With one big bite, Open Solutions Inc. plans to more than double in size, and its chief executive says he remains hungry for further growth.
The core-software vendor announced Thursday that it is buying Bisys Group Inc.'s bank outsourcing business for $470 million in cash. The acquisition would add 220 financial institutions to Open Solutions' customer roster, which now numbers 980, and dramatically increase its revenue next year.
Louis Hernandez, Open Solutions' chairman and chief executive, said in an interview Friday that he believes his company can get more out of the unit, which the seller calls its information services group, than Bisys has. Its dim growth prospects were the chief reason Bisys put it on the block in the first place.
This "extends our financial services reach" into new areas, such as asset retention for insurers and corporate banking, Mr. Hernandez said.

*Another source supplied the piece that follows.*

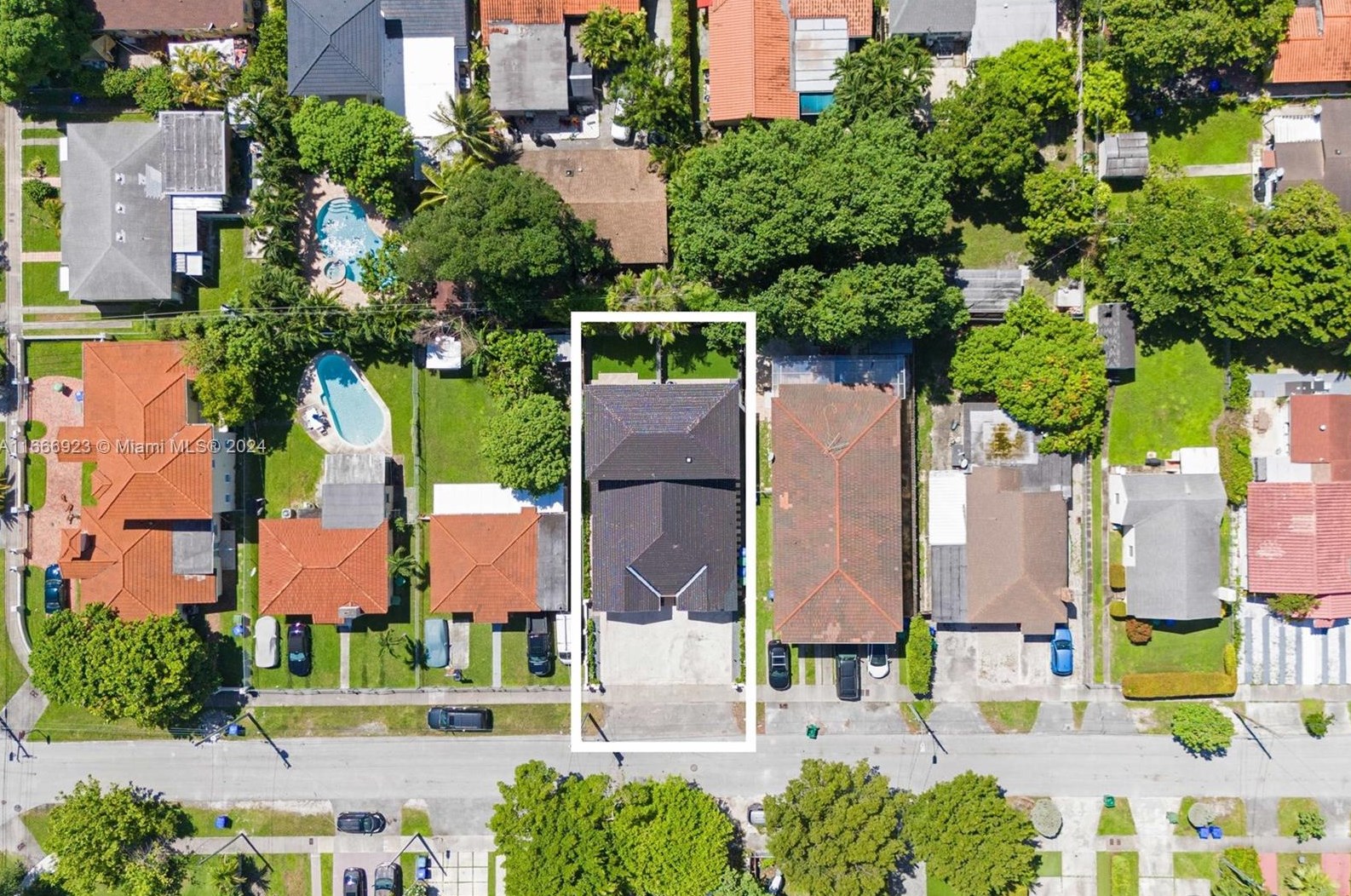 2652 34th Ave, Miami FL  33133-2730 exterior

Open Solutions, of Glastonbury, Conn., reported revenue of $149.2 million for the four-quarter period that ended June 30. It reported a 116% year-over-year increase in revenue, to $47.1 million, for the three months that ended June 30.
Bisys, an outsourcer serving banking and other financial markets, reported in February that six-month revenue for its information services group was $105.9 million - 3% less than it reported for the year-earlier period. In its last full fiscal year, which ended June 30, 2004, Bisys reported revenue of $220 million for the unit. It has not provided updated reports because it is restating its earnings to reflect accounting problems in its mutual-fund processing business.
Open Solutions said it expects the Bisys unit to contribute $180 million to $195 million of revenue in 2006 and 6 to 12 cents of earnings per share. Mr. Hernandez said he considered those projections conservative. (The deal is expected to close in the fourth quarter.)
In its six previous core-processing acquisitions, which were smaller, Open Solutions typically picked up companies offering older technologies and tried to convert their customers to its own system. It will use a different approach with Bisys, Mr. Hernandez said - it will maintain the Total Plus system the New York company uses for the bulk of its bank customers.
"The Total Plus platform will be an important platform for us," Mr. Hernandez said. "We will continue to invest heavily in it."
Bisys' bank customers are generally larger than Open Solutions'.
TowerGroup, a market research unit of MasterCard International, reported in April that Bisys' largest client was the $25.2 billion-asset New York Community Bancorp Inc. of Westbury. The report did not show Open Solutions with any users among the nation's 100 largest banking companies. It has 3,500 banking customers, and Mr. Hernandez said it is trying to attract more with assets exceeding $5 billion.
Though the banking unit is Bisys' most profitable, its mutual fund processing and insurance businesses are growing faster, and it said that it was shedding the banking business to focus on them. Bisys has been dogged by rumors all year that it was mulling a sale of the banking unit, and Mr. Hernandez said in a conference call with analysts Thursday night that uncertainty about Bisys' commitment to the banking business could have hindered sales.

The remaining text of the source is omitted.